In [23]:
import re
from nltk.tokenize import word_tokenize
from nltk.tokenize.treebank import TreebankWordDetokenizer
from nltk.corpus import stopwords
from langdetect import detect

from nltk.stem import SnowballStemmer
from nltk.tokenize import RegexpTokenizer
import demoji

# Map that associates the abbreviation with the nationality.
language_map = {
    'ar': 'arabic',
    'az': 'azerbaijani',
    'da': 'danish',
    'nl': 'dutch',
    'en': 'english',
    'fi': 'finnish',
    'fr': 'french',
    'de': 'german',
    'el': 'greek',
    'hu': 'hungarian',
    'id': 'indonesian',
    'it': 'italian',
    'kk': 'kazakh',
    'ne': 'nepali',
    'no': 'norwegian',
    'pt': 'portuguese',
    'ro': 'romanian',
    'ru': 'russian',
    'sl': 'slovene',
    'es': 'spanish',
    'sv': 'swedish',
    'tg': 'tajik',
    'tr': 'turkish'
}

In [24]:

class TextProcessor:
    def __init__(self, use_stemming=True, use_stopwords=True):
        self.use_stemming = use_stemming # flag to disable stemming
        self.use_stopwords = use_stopwords # flag to disable remove stopwords
        self.reg_exp_punctuation = r'[^\w\s]'
        self.reg_exp_hashtags = r'#\w+' 
        self.reg_exp_usernames = r'@\w+'
        self.control_char_pattern=r'[\x00-\x1F\x7F-\x9F]'
        self.reg_exp_web_link_pattern=r'https*://\S+|www.\S+'

    def process_text(self, text):
        """ Process a text by cleaning, tokenizing, removing stopwords and stemming.

            Args:
                text: The text to be processed.
            Returns:
                The processed text after cleaning, tokenizing, removing stopwords, and stemming.
        """
        # Remove special characters
        text = self.clean_text(text)

        # Get the language
        language = language_map.get(detect(text))

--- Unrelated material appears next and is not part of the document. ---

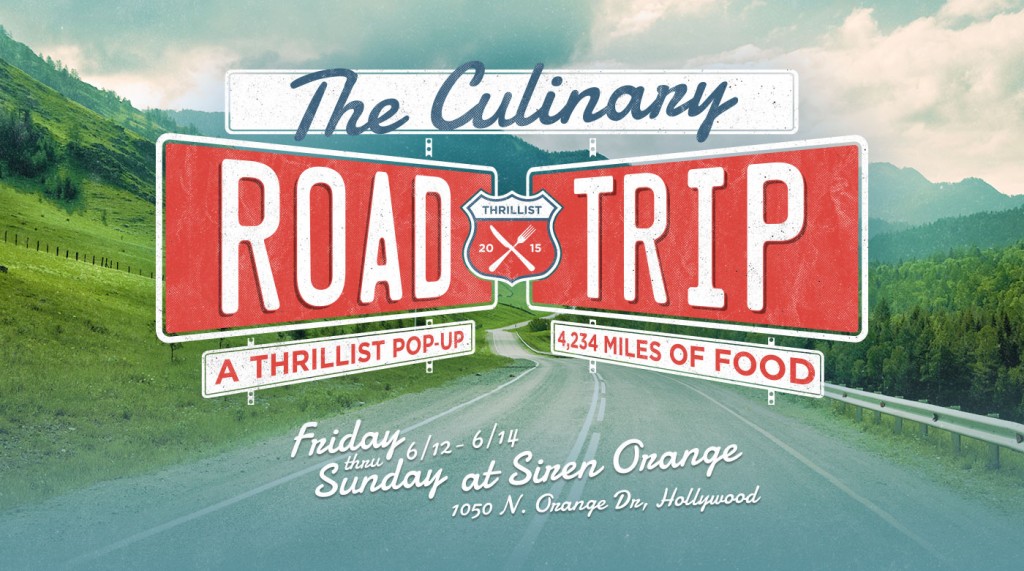 Thrillist -RoadTrip_Header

        # Transform the document in a list of tokens
        tokenizer = RegexpTokenizer(r'\w+')
        word_tokens = tokenizer.tokenize(text)

        # Remove stopwords (if its flag is enable)
        if self.use_stopwords:
            word_tokens = self.remove_stopwords(word_tokens, language)

        print(word_tokens)
        # Do stemming (if its flag is enable)
        if self.use_stemming:
            word_tokens = self.stem_text(word_tokens, language)

        # Transform the list of tokens in a document
        print(word_tokens)
        return TreebankWordDetokenizer().detokenize(word_tokens)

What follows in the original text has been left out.